ABOUT THIS EXERCISE — The response must reproduce every record below without alteration.

AVAILABLE RECORDS Start Marker

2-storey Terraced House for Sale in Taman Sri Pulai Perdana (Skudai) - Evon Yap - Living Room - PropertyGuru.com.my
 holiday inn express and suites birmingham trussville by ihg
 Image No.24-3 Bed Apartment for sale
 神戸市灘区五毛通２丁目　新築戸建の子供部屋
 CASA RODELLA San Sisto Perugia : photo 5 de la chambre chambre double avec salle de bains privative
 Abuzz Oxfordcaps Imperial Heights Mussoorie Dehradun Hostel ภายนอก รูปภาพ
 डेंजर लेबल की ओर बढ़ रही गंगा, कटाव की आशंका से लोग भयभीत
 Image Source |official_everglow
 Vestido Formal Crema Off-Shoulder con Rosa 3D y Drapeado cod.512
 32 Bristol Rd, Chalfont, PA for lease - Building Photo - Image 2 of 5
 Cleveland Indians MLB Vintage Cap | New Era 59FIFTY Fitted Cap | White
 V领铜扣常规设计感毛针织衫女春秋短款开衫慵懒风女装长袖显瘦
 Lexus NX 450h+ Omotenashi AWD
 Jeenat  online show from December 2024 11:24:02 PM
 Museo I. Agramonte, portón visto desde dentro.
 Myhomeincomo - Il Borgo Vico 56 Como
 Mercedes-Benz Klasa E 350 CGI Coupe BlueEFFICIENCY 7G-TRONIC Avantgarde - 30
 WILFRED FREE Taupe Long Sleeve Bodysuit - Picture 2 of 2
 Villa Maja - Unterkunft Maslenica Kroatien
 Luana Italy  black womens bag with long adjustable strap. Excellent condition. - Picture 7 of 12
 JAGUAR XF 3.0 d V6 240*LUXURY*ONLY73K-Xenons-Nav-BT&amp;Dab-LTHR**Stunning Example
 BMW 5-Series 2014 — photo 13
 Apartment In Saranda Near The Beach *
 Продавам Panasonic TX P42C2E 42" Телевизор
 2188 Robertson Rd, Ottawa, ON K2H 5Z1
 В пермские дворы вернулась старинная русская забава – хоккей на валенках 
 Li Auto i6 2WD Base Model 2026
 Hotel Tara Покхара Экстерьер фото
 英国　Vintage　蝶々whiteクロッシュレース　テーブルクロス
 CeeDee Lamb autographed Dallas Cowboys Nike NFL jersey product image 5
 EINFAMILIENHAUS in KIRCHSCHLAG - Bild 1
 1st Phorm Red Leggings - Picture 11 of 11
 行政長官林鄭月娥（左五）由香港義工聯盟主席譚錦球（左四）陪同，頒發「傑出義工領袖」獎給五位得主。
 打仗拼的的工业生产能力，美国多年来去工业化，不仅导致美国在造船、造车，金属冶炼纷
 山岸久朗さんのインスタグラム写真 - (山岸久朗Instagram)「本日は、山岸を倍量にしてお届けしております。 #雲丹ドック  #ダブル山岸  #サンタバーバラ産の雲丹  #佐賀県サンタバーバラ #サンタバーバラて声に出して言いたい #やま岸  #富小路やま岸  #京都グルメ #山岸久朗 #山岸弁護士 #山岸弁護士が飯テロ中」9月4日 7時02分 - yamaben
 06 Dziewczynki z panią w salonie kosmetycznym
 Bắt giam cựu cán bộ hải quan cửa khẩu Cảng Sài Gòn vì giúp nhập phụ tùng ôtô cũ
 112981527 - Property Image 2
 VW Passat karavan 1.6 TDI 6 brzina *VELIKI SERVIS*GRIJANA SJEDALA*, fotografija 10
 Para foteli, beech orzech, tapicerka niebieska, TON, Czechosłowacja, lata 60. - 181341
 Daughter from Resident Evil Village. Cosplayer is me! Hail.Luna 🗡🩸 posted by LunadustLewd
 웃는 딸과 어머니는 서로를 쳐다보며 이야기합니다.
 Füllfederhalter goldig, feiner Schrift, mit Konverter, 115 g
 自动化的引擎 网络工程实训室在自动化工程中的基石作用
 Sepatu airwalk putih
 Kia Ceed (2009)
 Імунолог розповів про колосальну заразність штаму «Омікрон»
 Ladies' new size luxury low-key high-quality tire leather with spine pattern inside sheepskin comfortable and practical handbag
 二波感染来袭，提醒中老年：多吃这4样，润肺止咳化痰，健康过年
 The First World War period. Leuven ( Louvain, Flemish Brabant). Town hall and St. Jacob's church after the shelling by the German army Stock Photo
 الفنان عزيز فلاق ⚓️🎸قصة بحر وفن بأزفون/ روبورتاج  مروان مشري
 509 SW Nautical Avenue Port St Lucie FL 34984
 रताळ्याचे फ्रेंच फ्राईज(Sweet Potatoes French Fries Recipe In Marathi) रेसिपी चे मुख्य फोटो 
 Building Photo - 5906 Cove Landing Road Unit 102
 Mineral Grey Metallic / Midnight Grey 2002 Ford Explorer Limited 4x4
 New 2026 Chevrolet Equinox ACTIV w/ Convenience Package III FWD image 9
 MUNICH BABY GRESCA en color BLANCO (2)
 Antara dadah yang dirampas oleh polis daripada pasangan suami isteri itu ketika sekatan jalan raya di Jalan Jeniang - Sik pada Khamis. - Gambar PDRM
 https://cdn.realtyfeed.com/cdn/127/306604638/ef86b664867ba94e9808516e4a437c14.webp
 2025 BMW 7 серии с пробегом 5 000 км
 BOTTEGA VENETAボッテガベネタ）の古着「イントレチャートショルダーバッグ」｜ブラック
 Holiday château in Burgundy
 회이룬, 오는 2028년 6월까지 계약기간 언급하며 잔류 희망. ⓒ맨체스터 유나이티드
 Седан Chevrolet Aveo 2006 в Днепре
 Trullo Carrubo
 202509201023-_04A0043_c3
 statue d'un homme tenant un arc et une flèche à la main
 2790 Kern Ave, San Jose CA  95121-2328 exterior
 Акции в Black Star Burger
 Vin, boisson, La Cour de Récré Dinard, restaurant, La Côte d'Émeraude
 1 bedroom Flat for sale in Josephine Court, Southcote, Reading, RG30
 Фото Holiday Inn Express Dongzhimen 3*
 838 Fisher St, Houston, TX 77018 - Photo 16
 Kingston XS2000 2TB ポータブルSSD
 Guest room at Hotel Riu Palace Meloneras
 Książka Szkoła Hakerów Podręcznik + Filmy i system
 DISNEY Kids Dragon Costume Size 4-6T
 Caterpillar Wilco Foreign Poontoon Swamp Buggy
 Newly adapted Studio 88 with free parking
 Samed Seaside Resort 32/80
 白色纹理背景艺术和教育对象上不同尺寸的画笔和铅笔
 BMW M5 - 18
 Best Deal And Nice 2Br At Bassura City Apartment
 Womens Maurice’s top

AVAILABLE RECORDS End Marker

TASK SOLUTION —
2-storey Terraced House for Sale in Taman Sri Pulai Perdana (Skudai) - Evon Yap - Living Room - PropertyGuru.com.my
 holiday inn express and suites birmingham trussville by ihg
 Image No.24-3 Bed Apartment for sale
 神戸市灘区五毛通２丁目　新築戸建の子供部屋
 CASA RODELLA San Sisto Perugia : photo 5 de la chambre chambre double avec salle de bains privative
 Abuzz Oxfordcaps Imperial Heights Mussoorie Dehradun Hostel ภายนอก รูปภาพ
 डेंजर लेबल की ओर बढ़ रही गंगा, कटाव की आशंका से लोग भयभीत
 Image Source |official_everglow
 Vestido Formal Crema Off-Shoulder con Rosa 3D y Drapeado cod.512
 32 Bristol Rd, Chalfont, PA for lease - Building Photo - Image 2 of 5
 Cleveland Indians MLB Vintage Cap | New Era 59FIFTY Fitted Cap | White
 V领铜扣常规设计感毛针织衫女春秋短款开衫慵懒风女装长袖显瘦
 Lexus NX 450h+ Omotenashi AWD
 Jeenat  online show from December 2024 11:24:02 PM
 Museo I. Agramonte, portón visto desde dentro.
 Myhomeincomo - Il Borgo Vico 56 Como
 Mercedes-Benz Klasa E 350 CGI Coupe BlueEFFICIENCY 7G-TRONIC Avantgarde - 30
 WILFRED FREE Taupe Long Sleeve Bodysuit - Picture 2 of 2
 Villa Maja - Unterkunft Maslenica Kroatien
 Luana Italy  black womens bag with long adjustable strap. Excellent condition. - Picture 7 of 12
 JAGUAR XF 3.0 d V6 240*LUXURY*ONLY73K-Xenons-Nav-BT&amp;Dab-LTHR**Stunning Example
 BMW 5-Series 2014 — photo 13
 Apartment In Saranda Near The Beach *
 Продавам Panasonic TX P42C2E 42" Телевизор
 2188 Robertson Rd, Ottawa, ON K2H 5Z1
 В пермские дворы вернулась старинная русская забава – хоккей на валенках 
 Li Auto i6 2WD Base Model 2026
 Hotel Tara Покхара Экстерьер фото
 英国　Vintage　蝶々whiteクロッシュレース　テーブルクロス
 CeeDee Lamb autographed Dallas Cowboys Nike NFL jersey product image 5
 EINFAMILIENHAUS in KIRCHSCHLAG - Bild 1
 1st Phorm Red Leggings - Picture 11 of 11
 行政長官林鄭月娥（左五）由香港義工聯盟主席譚錦球（左四）陪同，頒發「傑出義工領袖」獎給五位得主。
 打仗拼的的工业生产能力，美国多年来去工业化，不仅导致美国在造船、造车，金属冶炼纷
 山岸久朗さんのインスタグラム写真 - (山岸久朗Instagram)「本日は、山岸を倍量にしてお届けしております。 #雲丹ドック  #ダブル山岸  #サンタバーバラ産の雲丹  #佐賀県サンタバーバラ #サンタバーバラて声に出して言いたい #やま岸  #富小路やま岸  #京都グルメ #山岸久朗 #山岸弁護士 #山岸弁護士が飯テロ中」9月4日 7時02分 - yamaben
 06 Dziewczynki z panią w salonie kosmetycznym
 Bắt giam cựu cán bộ hải quan cửa khẩu Cảng Sài Gòn vì giúp nhập phụ tùng ôtô cũ
 112981527 - Property Image 2
 VW Passat karavan 1.6 TDI 6 brzina *VELIKI SERVIS*GRIJANA SJEDALA*, fotografija 10
 Para foteli, beech orzech, tapicerka niebieska, TON, Czechosłowacja, lata 60. - 181341
 Daughter from Resident Evil Village. Cosplayer is me! Hail.Luna 🗡🩸 posted by LunadustLewd
 웃는 딸과 어머니는 서로를 쳐다보며 이야기합니다.
 Füllfederhalter goldig, feiner Schrift, mit Konverter, 115 g
 自动化的引擎 网络工程实训室在自动化工程中的基石作用
 Sepatu airwalk putih
 Kia Ceed (2009)
 Імунолог розповів про колосальну заразність штаму «Омікрон»
 Ladies' new size luxury low-key high-quality tire leather with spine pattern inside sheepskin comfortable and practical handbag
 二波感染来袭，提醒中老年：多吃这4样，润肺止咳化痰，健康过年
 The First World War period. Leuven ( Louvain, Flemish Brabant). Town hall and St. Jacob's church after the shelling by the German army Stock Photo
 الفنان عزيز فلاق ⚓️🎸قصة بحر وفن بأزفون/ روبورتاج  مروان مشري
 509 SW Nautical Avenue Port St Lucie FL 34984
 रताळ्याचे फ्रेंच फ्राईज(Sweet Potatoes French Fries Recipe In Marathi) रेसिपी चे मुख्य फोटो 
 Building Photo - 5906 Cove Landing Road Unit 102
 Mineral Grey Metallic / Midnight Grey 2002 Ford Explorer Limited 4x4
 New 2026 Chevrolet Equinox ACTIV w/ Convenience Package III FWD image 9
 MUNICH BABY GRESCA en color BLANCO (2)
 Antara dadah yang dirampas oleh polis daripada pasangan suami isteri itu ketika sekatan jalan raya di Jalan Jeniang - Sik pada Khamis. - Gambar PDRM
 https://cdn.realtyfeed.com/cdn/127/306604638/ef86b664867ba94e9808516e4a437c14.webp
 2025 BMW 7 серии с пробегом 5 000 км
 BOTTEGA VENETAボッテガベネタ）の古着「イントレチャートショルダーバッグ」｜ブラック
 Holiday château in Burgundy
 회이룬, 오는 2028년 6월까지 계약기간 언급하며 잔류 희망. ⓒ맨체스터 유나이티드
 Седан Chevrolet Aveo 2006 в Днепре
 Trullo Carrubo
 202509201023-_04A0043_c3
 statue d'un homme tenant un arc et une flèche à la main
 2790 Kern Ave, San Jose CA  95121-2328 exterior
 Акции в Black Star Burger
 Vin, boisson, La Cour de Récré Dinard, restaurant, La Côte d'Émeraude
 1 bedroom Flat for sale in Josephine Court, Southcote, Reading, RG30
 Фото Holiday Inn Express Dongzhimen 3*
 838 Fisher St, Houston, TX 77018 - Photo 16
 Kingston XS2000 2TB ポータブルSSD
 Guest room at Hotel Riu Palace Meloneras
 Książka Szkoła Hakerów Podręcznik + Filmy i system
 DISNEY Kids Dragon Costume Size 4-6T
 Caterpillar Wilco Foreign Poontoon Swamp Buggy
 Newly adapted Studio 88 with free parking
 Samed Seaside Resort 32/80
 白色纹理背景艺术和教育对象上不同尺寸的画笔和铅笔
 BMW M5 - 18
 Best Deal And Nice 2Br At Bassura City Apartment
 Womens Maurice’s top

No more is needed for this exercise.